When he got up, it was already thirty minutes past his lunch time. Even though he looked at his watch out in the parking lot, he decided to go back and get that ice cream, anyway.

Back in his cubicle, B. grabbed his coat. Before knocking at Boss’ door, he stopped at the bathroom to wash his hands, trying to avoid the mirror, with its shiny, spotless glare. B. turned on the cold water first, then the hot water… For a few seconds he let the jet run through his fingers making sure the water was not too hot, not too cold, just mild the way he liked it.

He soaped his hands all the way up to the wrists, enveloping them with white, soft, slippery foam.

Picking at his fingernails, he cleaned each finger, then the whole hand, scrubbing one after another many times until he got exhausted and thought that his skin was going to peel off. Finally, his hands reached for the water under the jet, exposing themselves, long and narrow, with a subtle firmness around the knuckles, naughty enough to sneak and find “the pleasure spots,” as Mandy put it the night they decided to move in together. He never understood her words or her obsession with his hands or why she fell in love with him in the first place. She liked to hold hands in public, and sometimes she would get his arm and wrap it around her waist, with his long palm resting on her belly. But he couldn’t stand holding hands in public, he found it almost undignified to bump into people and their belongings because he was attached to another body. Yes, that was it… He could not handle it with dignity, and he was right; even if he lost Mandy, he was still right: “Holding hands in public wasn’t a good idea,” he whispered to himself, raising his eyes to confront the mirror… And there he was, pathetic and useless, keeping his hand for himself forever.
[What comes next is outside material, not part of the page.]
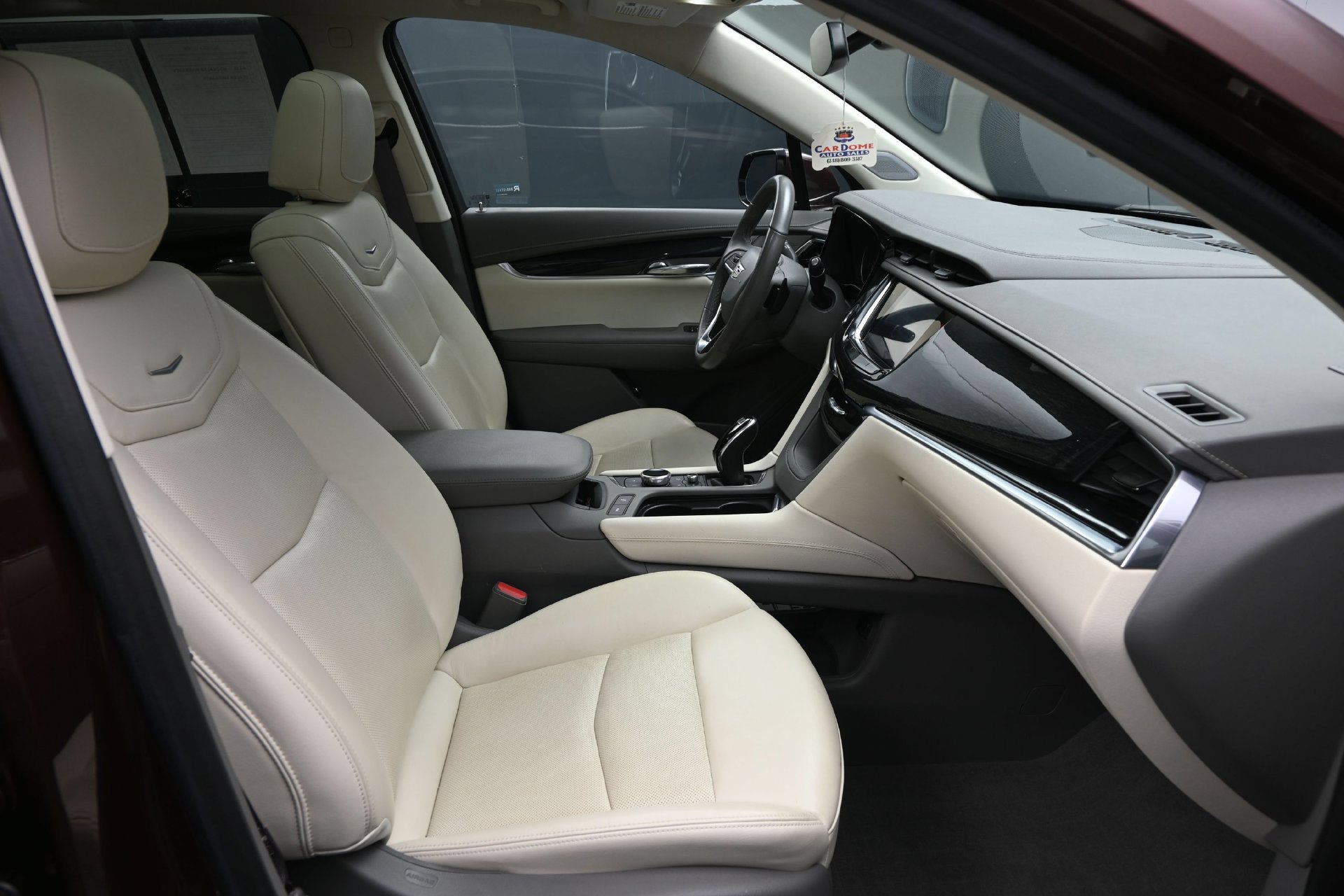 Used 2022 Cadillac XT6 Premium Luxury FWD image 33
Suddenly, B. stopped the running water as he heard noises on the hall. There were running steps, which was weird because usually nobody ran on the hallway. There went one, then another, then a door was slammed open, and this time there were heavy footsteps rushing down. He couldn’t tell where they were stopping, but thought that people were hurrying in the opposite direction of his cubicle, towards Boss’. He grabbed some paper towels while rushing out of the bathroom. B didn’t run, he stood, a little confused, leaning against the wall, watching the crowd gathered in front of Boss’ office. It looked like nobody was getting inside, but everybody was trying to see something. Slowly, B moved forward. Around him, people were whispering incredible things one should never even think about. Even Mandy was there, on the right side of the door, squeezing Pete’s hand hard and too close to her chest, as far as B was concerned.

Not really aware of what was going on B. aimed at Boss’ door, sliding his large body through the mob, gently pushing people left and right, continuously muttering “excuse me!” “Is he dead?” a timid voice asked out loud, and everybody froze. B kept walking till the last two persons standing by the open door made room to let him in. And there was Boss, laying on the floor, with his head on a bunch of yellow folders and his right arm folded over his chest, without a tie, shirt unbuttoned uncovering his hairy chest, as B. always suspected. The man was sick and furious. He looked B. in the eyes and said: “Where the f*** have you been?” B. thought for a moment. “I was at lunch,” he replied, but what he really wanted to say was: “I’m sorry.”